Yeah, a GTX 970 is a pretty amazing graphics card. Getting that kind of power on mobile might not happen in my lifetime. I wouldn’t go so far as to say mobile can’t handle something better than Quake, but expecting Kite-Demo-esque graphics on it is insane. This fog is figured out by the depth, and the start distance serves as your offset. If you want to start the fog sooner, set the start distance to a negative value. Yeah, it will screw up a bit with your exponent, but like you said, it performs very well. This is definitely the best performance you can get with fog out of UE4.
I would not suggest removing the exponent and multiplying the fog by a constant. All that feeds into a clamp node anyways: all you’re doing is changing the depth distance, which you can easily change by just changing the depth itself. And I’m pretty sure decimals multiply with the same performance as integers, multiplication is basic arithmetic. It’s just exponents that suffer from some complications. The purpose of the exponent is to accumulate the fog faster as it builds in the distance, giving you clearer viewing up close while emphasizing the depth in the background.
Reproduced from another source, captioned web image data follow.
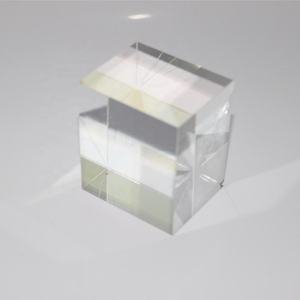 12/15/20/25/30mmr50: prismes séparateurs de faisceaux t50 pour longueur d'onde 400-700nm Vis - Product Image 1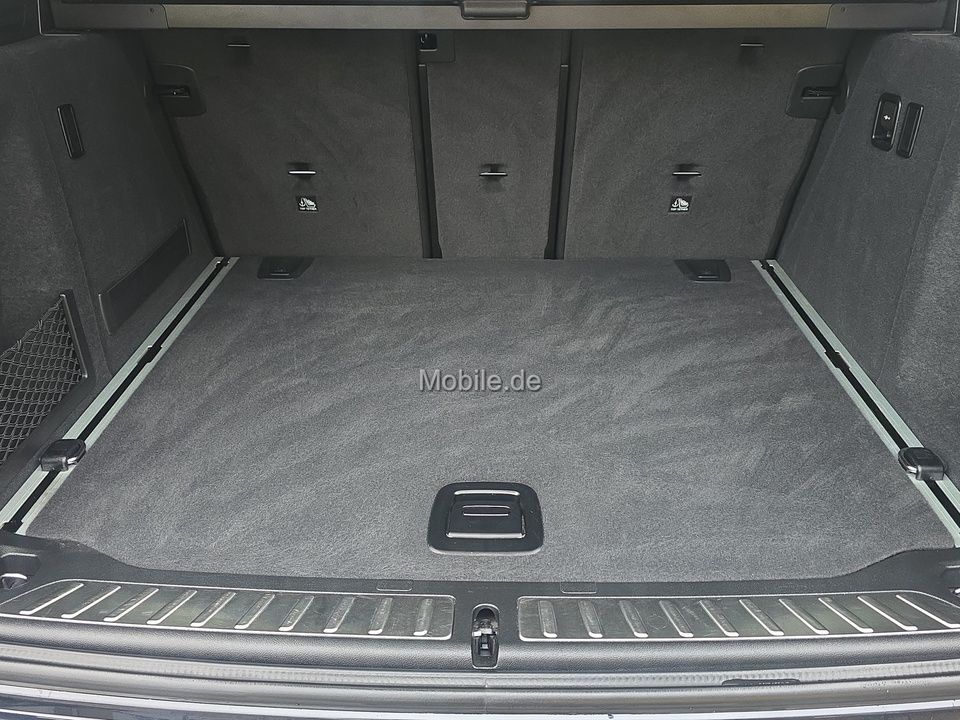 BMW X3 xDrive20d AT Navi Bluetooth PDC MP3 Schn.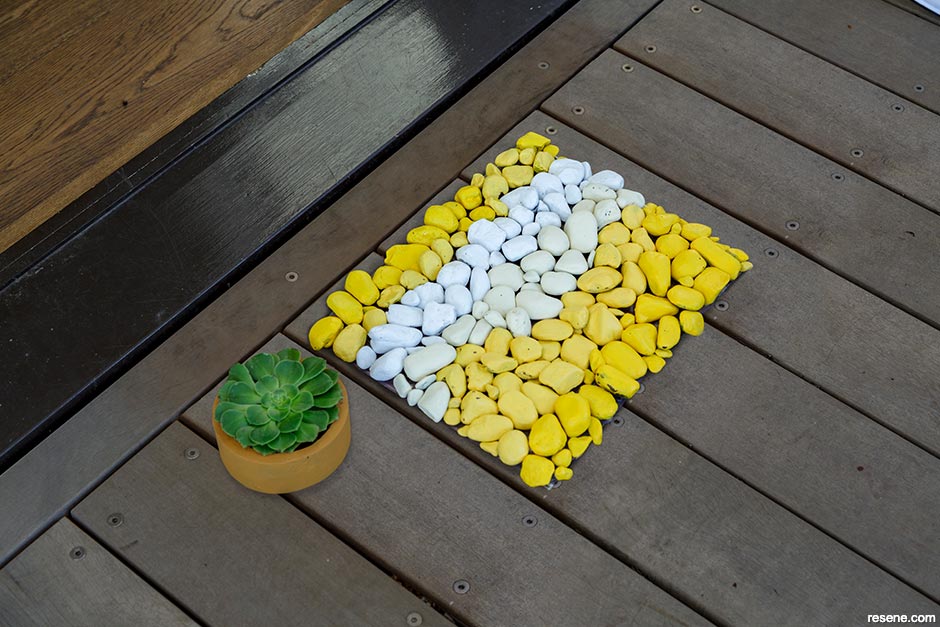 Make a fun and colourful pebble mat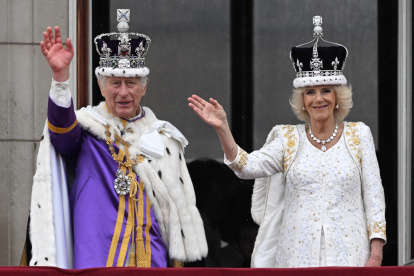Londres. Carlos III y Camila saludaron a los asistentes que llegaron, luego de ser coronados como reyes.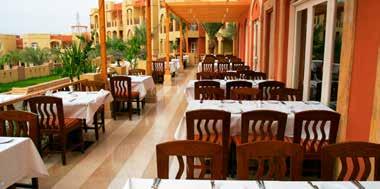 25 km-re az aqabai repülőtértől és kb. 15 km-re Aqaba központjától, ahova naponta többször ingyenes buszjárat indul. A hotel saját partszakasszal rendelkezik, mely kb.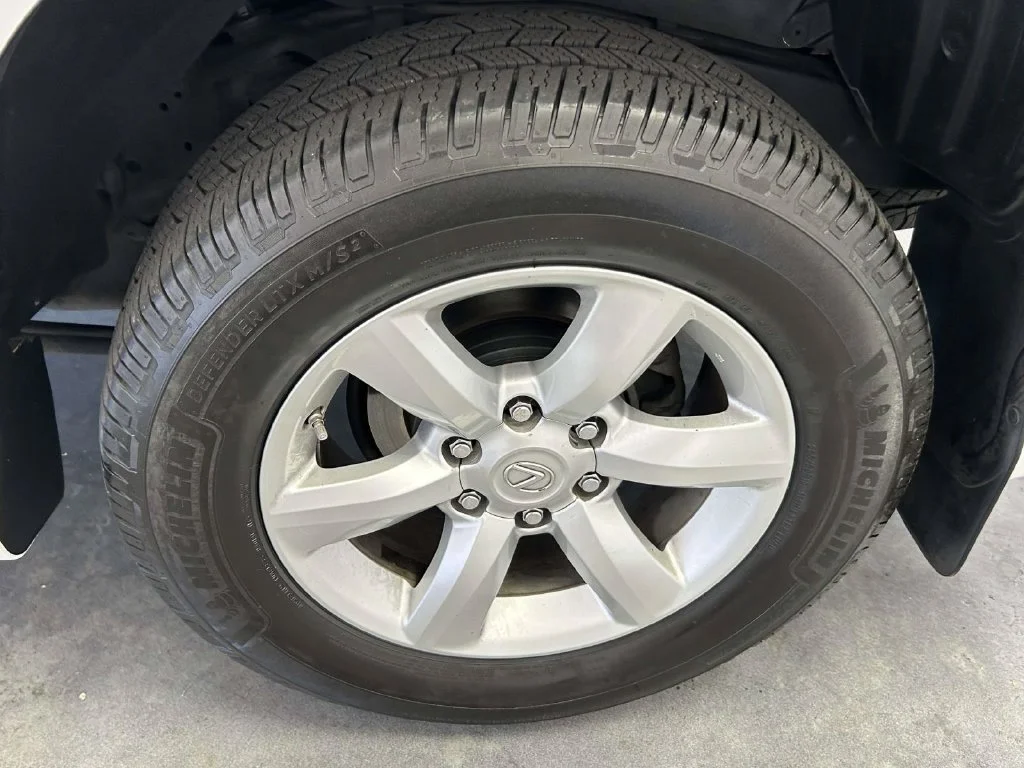 Used 2018 White Lexus 460 image 9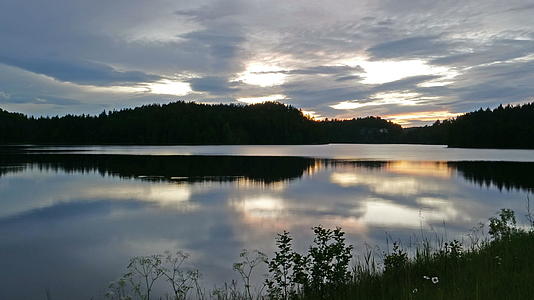日落4公里时空云和山脉在挪威湖上反射视频的预览图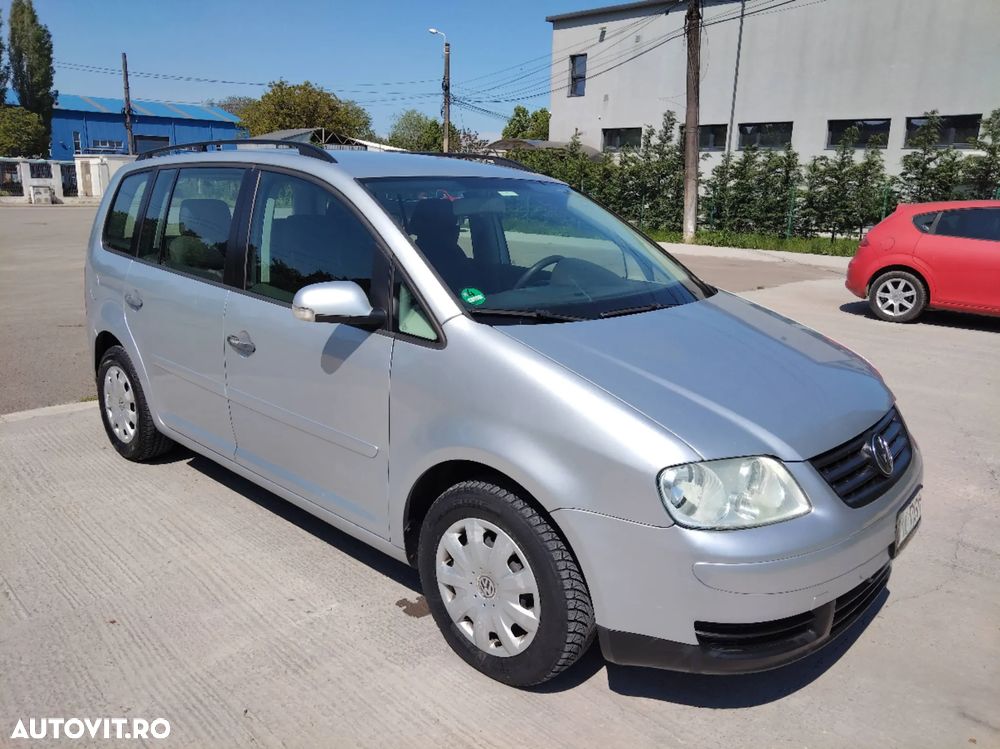 Volkswagen Touran 1.9 TDI Conceptline - 1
Do you know how to set up a material parameter collection? I seriously suggest doing that, plugging the MPC values into the fog function. Then in your world, fiddle with the values in the MPC until you get the fog looking just right. If change constants and rebuild entire shaders just to see how it looks, you’re going to be spending all day trying to make the material look decent instead of setting up parameters and spending just a few seconds, minutes at the most, to get the values just right. You can manage multiple materials at once that way.